-- Problem statement --
The copy must hold every line from the one with "Студия, 25.3 м²" through the end of the listing, word for word, and must hold no pictures.

-- Exercise input --
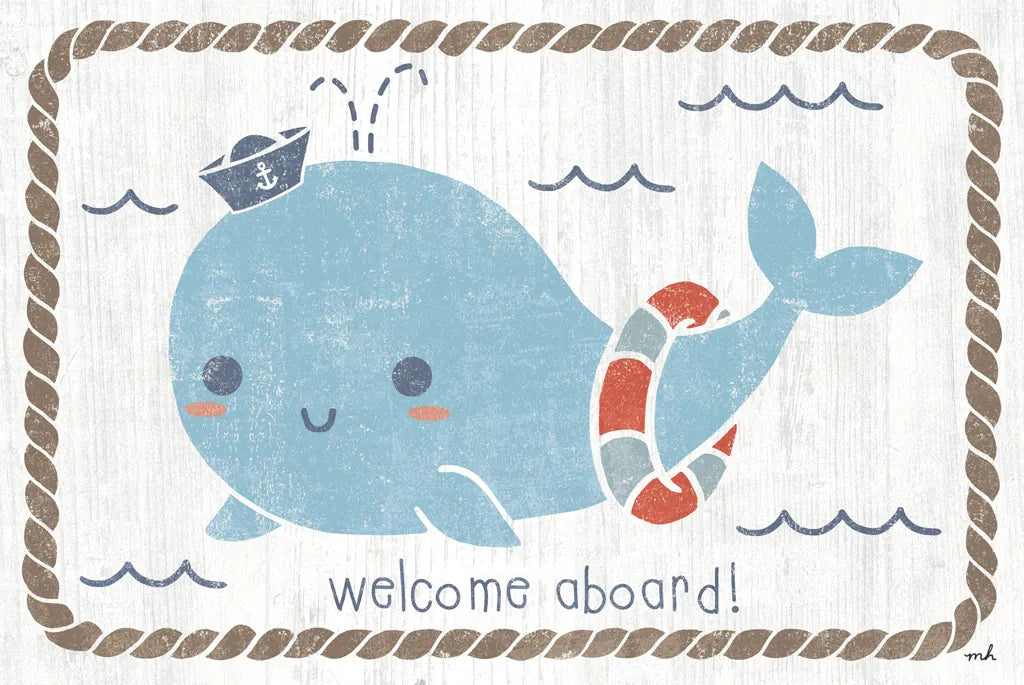 Nautical Friends Whale of a Time by Moira Hershey. SKU 38384i. Archival Giclee Fine art print for wall decor.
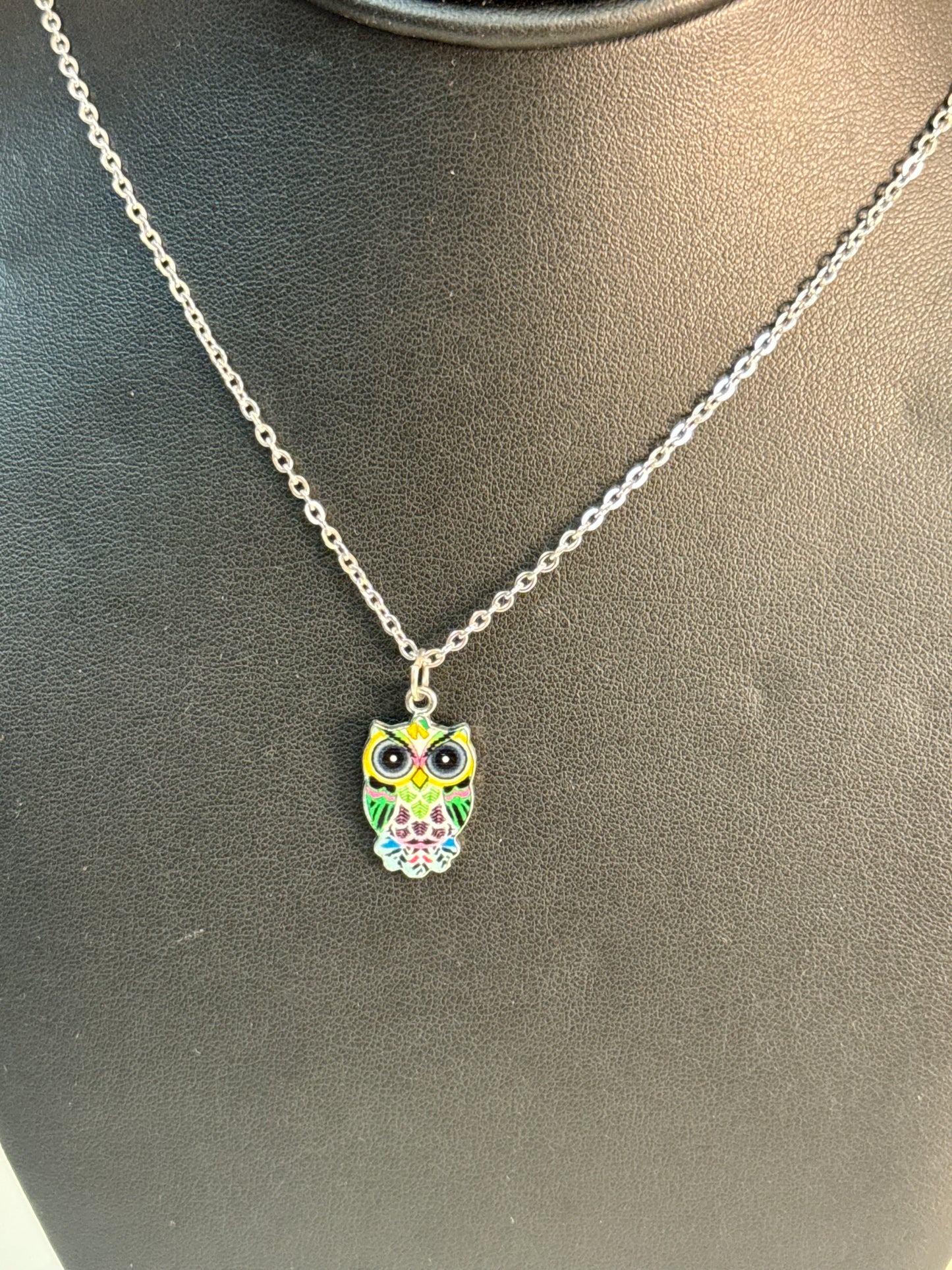 Silver and Yellow Muticolored Owl Fashion Necklace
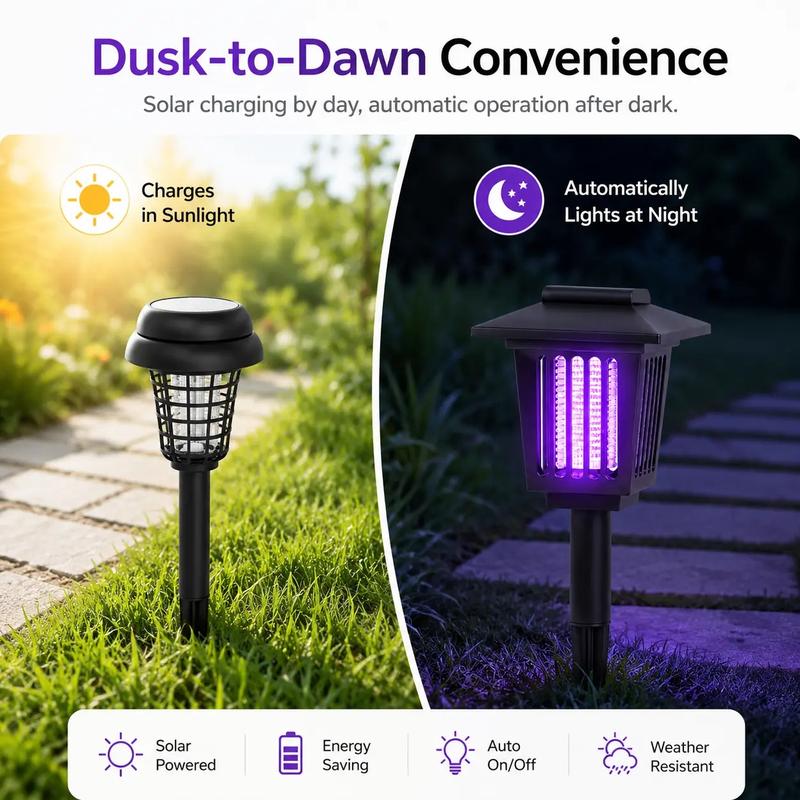 🚫🦟Solar Mosquito Killer Lamp – 2-in-1 UV Bug Zapper & LED Garden Light, Weatherproof, Auto On/Off, 0 Electricity Cost-AUX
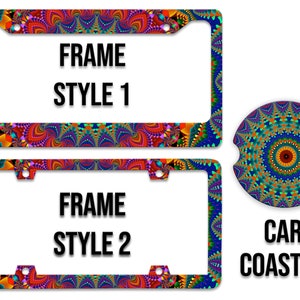 Colorful Kaleidoscope Abstract Paint Pattern - Auto License Plate Frame - LPF0003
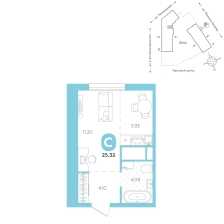 Студия, 25.3 м²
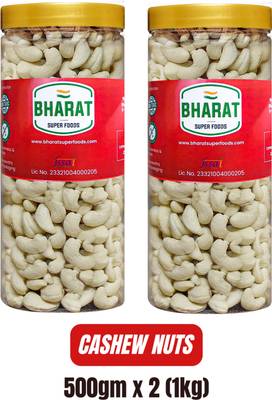 Bharat Super Foods Whole Premium Goa Cashew Nuts Big Size (100% Natural Kaju) 1KG (2 Jar Pack of 500gm each) Cashews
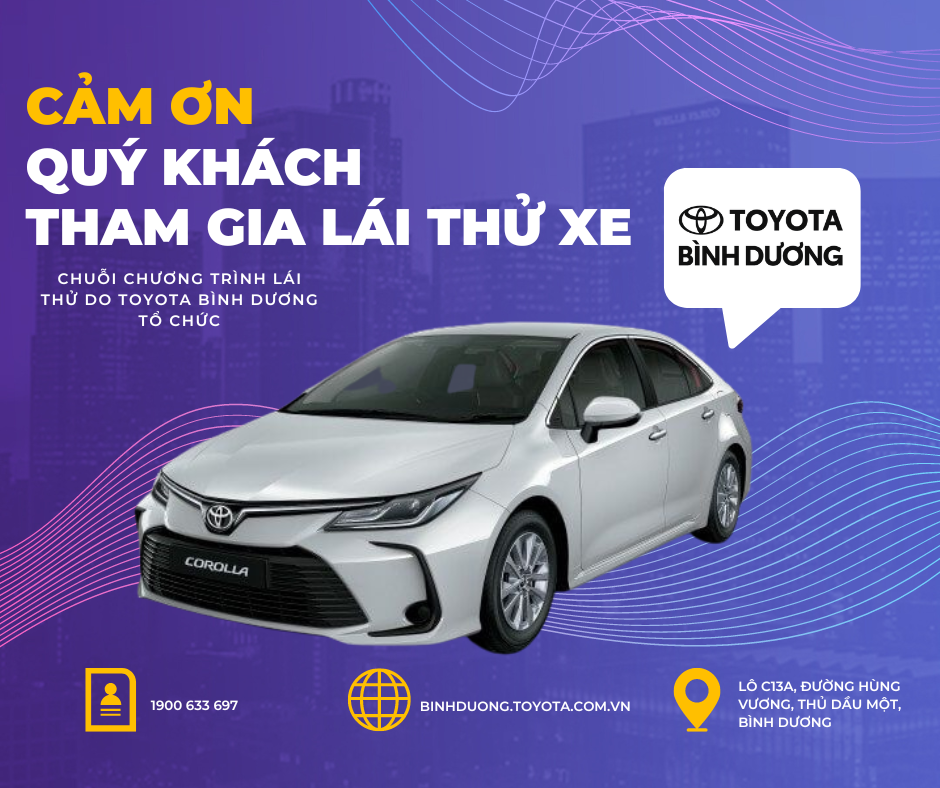 Cảm ơn khách hàng tham gia chương trình lái thử xe của Toyota Bình Dương năm 2023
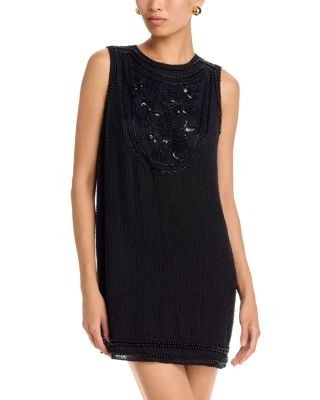 Aqua Beaded Mini Shift Dress - Exclusive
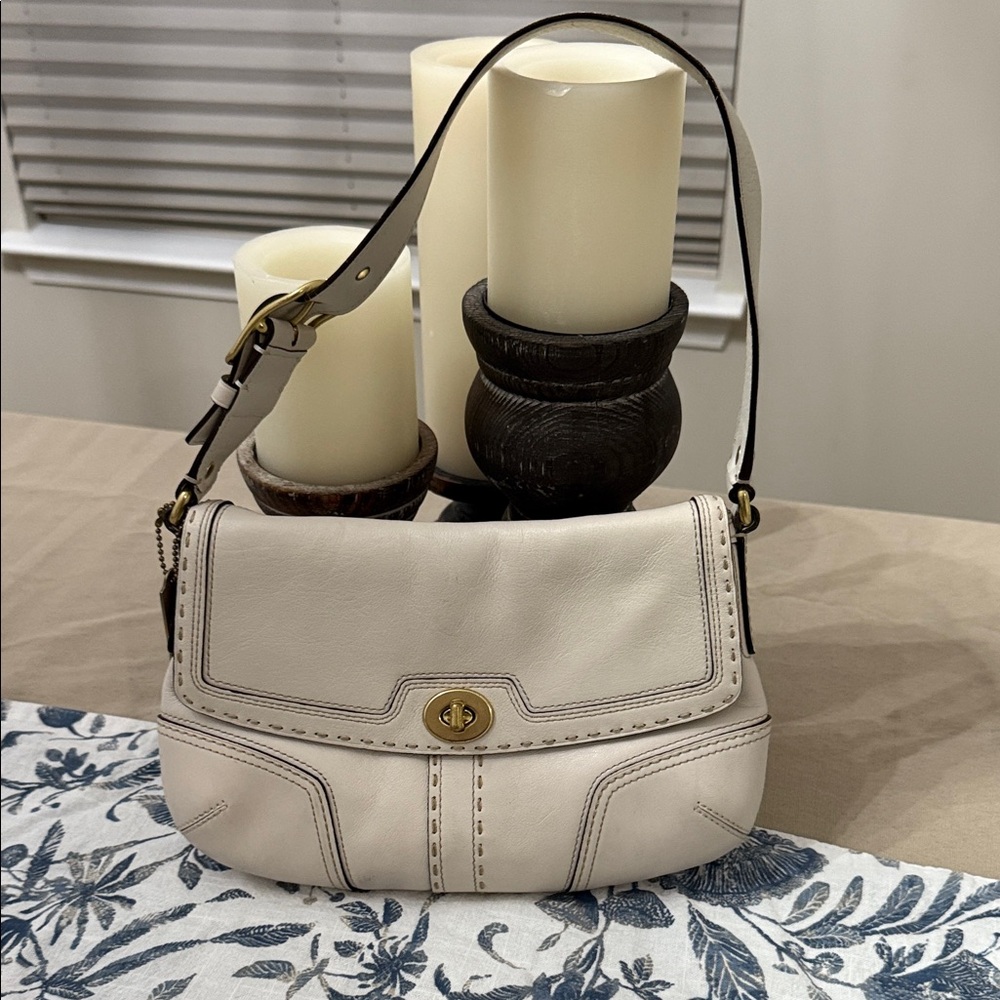 Coach Cream Shoulder Bag with Gold Accents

-- Response to this exercise --
 Студия, 25.3 м²
 Bharat Super Foods Whole Premium Goa Cashew Nuts Big Size (100% Natural Kaju) 1KG (2 Jar Pack of 500gm each) Cashews
 Cảm ơn khách hàng tham gia chương trình lái thử xe của Toyota Bình Dương năm 2023
 Aqua Beaded Mini Shift Dress - Exclusive
 Coach Cream Shoulder Bag with Gold Accents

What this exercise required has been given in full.